Fitz Roy und Piedras Blancas
8. November 2006Gleich nach dem Fruehstueck brechen Ralf und ich erneut auf, um das gute Wetter feur einen langen Hike zum Fusse des Fitz Roy (Lago de las tres) anzugreifen. Lediglich der in Orkanstaerke blasende Wind macht uns zu schaffen.
Der steile Weg ist schon um einiges anstrengender und mit rund 8 Stunden in der Karte ausgewiesen. Am ersten “Mirador” zeigt sich der Berg noch in dicken Wolken verhuellt. Auf dem weiteren Weg reisst die Huelle jedoch auf und gibt die ersten ersehnten Blicke frei.

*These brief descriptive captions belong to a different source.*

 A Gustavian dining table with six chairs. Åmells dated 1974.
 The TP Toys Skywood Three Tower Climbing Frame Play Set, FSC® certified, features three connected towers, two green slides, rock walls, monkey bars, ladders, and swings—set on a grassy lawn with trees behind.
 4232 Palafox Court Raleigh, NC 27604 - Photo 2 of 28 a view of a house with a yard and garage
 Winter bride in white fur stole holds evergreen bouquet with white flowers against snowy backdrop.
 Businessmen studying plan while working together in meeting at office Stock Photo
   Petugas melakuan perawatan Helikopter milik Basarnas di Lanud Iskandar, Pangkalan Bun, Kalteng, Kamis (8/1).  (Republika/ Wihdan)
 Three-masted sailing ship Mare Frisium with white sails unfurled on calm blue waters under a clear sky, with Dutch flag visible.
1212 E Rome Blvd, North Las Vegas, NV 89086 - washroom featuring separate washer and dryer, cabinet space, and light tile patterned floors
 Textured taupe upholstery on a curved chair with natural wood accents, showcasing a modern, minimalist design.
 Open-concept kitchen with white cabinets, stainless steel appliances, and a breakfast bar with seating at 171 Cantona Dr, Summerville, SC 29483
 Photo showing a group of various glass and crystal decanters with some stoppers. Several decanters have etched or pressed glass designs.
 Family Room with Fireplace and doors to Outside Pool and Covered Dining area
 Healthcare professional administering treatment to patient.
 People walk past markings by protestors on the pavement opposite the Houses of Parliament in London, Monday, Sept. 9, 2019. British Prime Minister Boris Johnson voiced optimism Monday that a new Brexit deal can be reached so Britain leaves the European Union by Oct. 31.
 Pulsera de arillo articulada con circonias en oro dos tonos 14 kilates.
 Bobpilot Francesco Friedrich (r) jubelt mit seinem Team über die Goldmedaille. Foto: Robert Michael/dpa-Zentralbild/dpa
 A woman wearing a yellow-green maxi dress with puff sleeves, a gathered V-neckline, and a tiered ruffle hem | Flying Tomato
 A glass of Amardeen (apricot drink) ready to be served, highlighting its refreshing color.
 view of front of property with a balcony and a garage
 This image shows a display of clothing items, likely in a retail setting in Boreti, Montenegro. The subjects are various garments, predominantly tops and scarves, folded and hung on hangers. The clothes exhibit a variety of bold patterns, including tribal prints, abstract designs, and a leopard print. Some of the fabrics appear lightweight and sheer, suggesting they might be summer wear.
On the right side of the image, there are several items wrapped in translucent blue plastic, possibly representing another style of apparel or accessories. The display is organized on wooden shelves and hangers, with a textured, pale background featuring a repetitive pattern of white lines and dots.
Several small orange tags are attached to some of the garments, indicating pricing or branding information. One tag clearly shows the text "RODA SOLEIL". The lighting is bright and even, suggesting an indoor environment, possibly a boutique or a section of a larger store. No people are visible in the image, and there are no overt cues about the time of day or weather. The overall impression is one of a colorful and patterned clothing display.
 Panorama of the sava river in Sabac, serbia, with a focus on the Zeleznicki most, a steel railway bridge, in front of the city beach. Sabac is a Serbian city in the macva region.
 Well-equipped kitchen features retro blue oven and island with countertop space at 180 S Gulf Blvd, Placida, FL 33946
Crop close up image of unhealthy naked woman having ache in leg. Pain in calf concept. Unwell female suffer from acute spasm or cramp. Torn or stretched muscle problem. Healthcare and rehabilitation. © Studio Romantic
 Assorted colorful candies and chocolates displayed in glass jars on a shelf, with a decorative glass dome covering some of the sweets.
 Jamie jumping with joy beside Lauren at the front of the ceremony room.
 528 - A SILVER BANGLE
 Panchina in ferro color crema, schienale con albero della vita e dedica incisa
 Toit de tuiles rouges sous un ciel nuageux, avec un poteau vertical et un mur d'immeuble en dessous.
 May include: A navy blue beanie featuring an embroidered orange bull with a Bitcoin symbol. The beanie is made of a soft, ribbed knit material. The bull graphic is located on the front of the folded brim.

Wir beschliessen den eigentlch gesperrten Weg zur “Lagune de las tres” zu wagen, die sich immer steiler den Berg vor dem Fitz Roy hinaufzieht. Am Scheitel angekommen, blasen uns die Boeen des dort tobenden Sturms fast von den Fuessen. Nach einigem hin und her beschliessen wir, auf den Rest des Weges zu verzichten und lieber ncoh den “Abstecher” zum Gletscher “Piedras Blancas” zu wandern.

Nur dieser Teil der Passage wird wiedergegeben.